= Chagi =

Telugu dynasty

The Chagis (or Tyagis) were a medieval chiefly lineage in Andhra.

== History ==
The Chagis ruled over the regions of Natavadi and Vijayavati Vishayas for nearly three and a half centuries, with capitals located at Gudimetta, Vijayawada, and Vinukonda. They served as vassals to successive major powers, including the Chalukya-Cholas, the Kakatiyas, and later the Gajapatis. The ruling family bore the surname Vipparla and entered into marriage alliances with influential dynasties such as the Kakatiyas and Kondapadumatis. The Chagi inscriptions trace their ancestry to the legendary Durjaya lineage, a common ancestral claim among several Andhra dynasties. The earliest known figure in the family was Muppa I, followed by rulers like Dora I, Pota I, Dora II, Pota II, Ganapaya, Dora III, Manuma Pota, and Manuma Ganapaya.

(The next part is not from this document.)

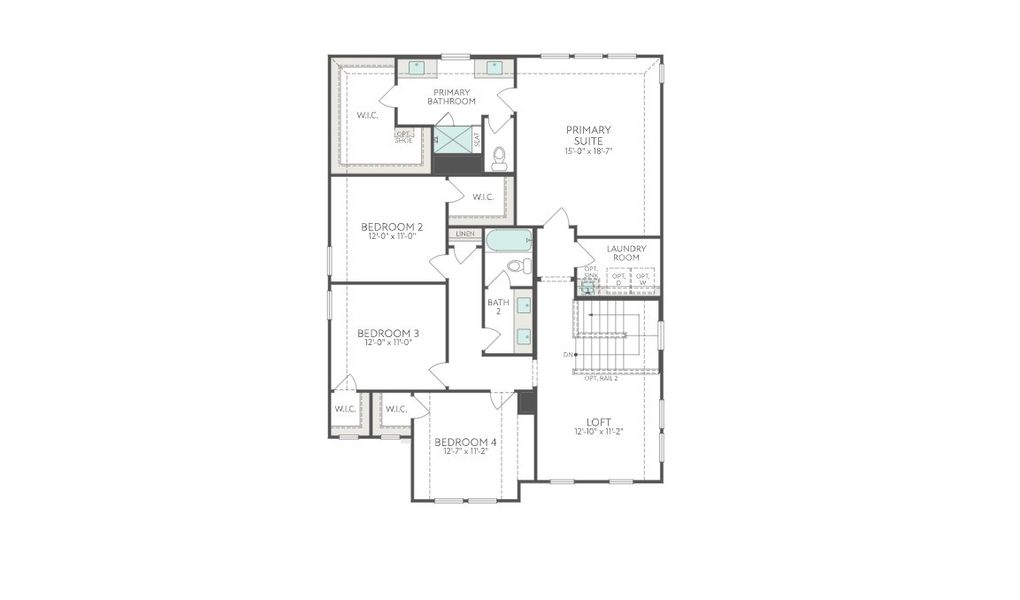2D floor plan layout for the Magnolia by Tri Pointe Homes in Treeline, Justin, TX (Image 4).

A related branch of the dynasty ruled from Vinukonda and is distinguished by the use of the honorific titles "Nayaka" or "Nayudu" in their names, suggesting a possible military or administrative role. Chiefs such as Annama Nayaka, Gannama Nayaka, and Komma Nayaka are mentioned in inscriptions from this branch. Although the exact relationship between the Vinukonda and Gudimetta branches remains unclear, the titles indicate that the Vinukonda Chagis likely held high-ranking positions in regional governance or the army.